Activity: Where a line of the data holds the word "Benz", copy that line.

--- Material for this task Enclosed Below ---

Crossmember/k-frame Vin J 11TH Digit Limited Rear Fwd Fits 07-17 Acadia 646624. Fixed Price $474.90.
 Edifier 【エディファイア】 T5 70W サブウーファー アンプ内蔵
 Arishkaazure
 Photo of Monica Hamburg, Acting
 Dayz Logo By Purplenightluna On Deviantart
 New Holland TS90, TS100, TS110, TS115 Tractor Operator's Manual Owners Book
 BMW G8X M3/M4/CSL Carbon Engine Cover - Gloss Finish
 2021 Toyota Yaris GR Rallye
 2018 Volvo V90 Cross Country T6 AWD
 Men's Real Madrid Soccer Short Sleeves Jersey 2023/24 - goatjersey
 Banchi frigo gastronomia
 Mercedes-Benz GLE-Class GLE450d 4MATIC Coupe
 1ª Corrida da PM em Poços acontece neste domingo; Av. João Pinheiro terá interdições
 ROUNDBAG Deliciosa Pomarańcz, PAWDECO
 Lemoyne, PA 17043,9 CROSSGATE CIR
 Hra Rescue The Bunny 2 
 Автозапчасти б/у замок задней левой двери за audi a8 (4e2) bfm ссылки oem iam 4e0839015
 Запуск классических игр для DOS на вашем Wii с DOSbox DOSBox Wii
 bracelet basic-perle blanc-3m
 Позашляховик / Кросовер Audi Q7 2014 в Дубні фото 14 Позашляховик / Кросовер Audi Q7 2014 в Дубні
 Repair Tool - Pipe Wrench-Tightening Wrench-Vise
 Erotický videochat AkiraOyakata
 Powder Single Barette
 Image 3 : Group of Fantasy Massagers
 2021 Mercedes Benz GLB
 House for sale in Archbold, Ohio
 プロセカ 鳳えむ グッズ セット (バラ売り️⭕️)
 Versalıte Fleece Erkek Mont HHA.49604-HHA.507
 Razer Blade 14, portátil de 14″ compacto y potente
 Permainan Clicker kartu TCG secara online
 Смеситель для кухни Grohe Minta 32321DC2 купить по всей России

--- End of Enclosed Material for this task ---

Exercise solution:
 Mercedes-Benz GLE-Class GLE450d 4MATIC Coupe
 2021 Mercedes Benz GLB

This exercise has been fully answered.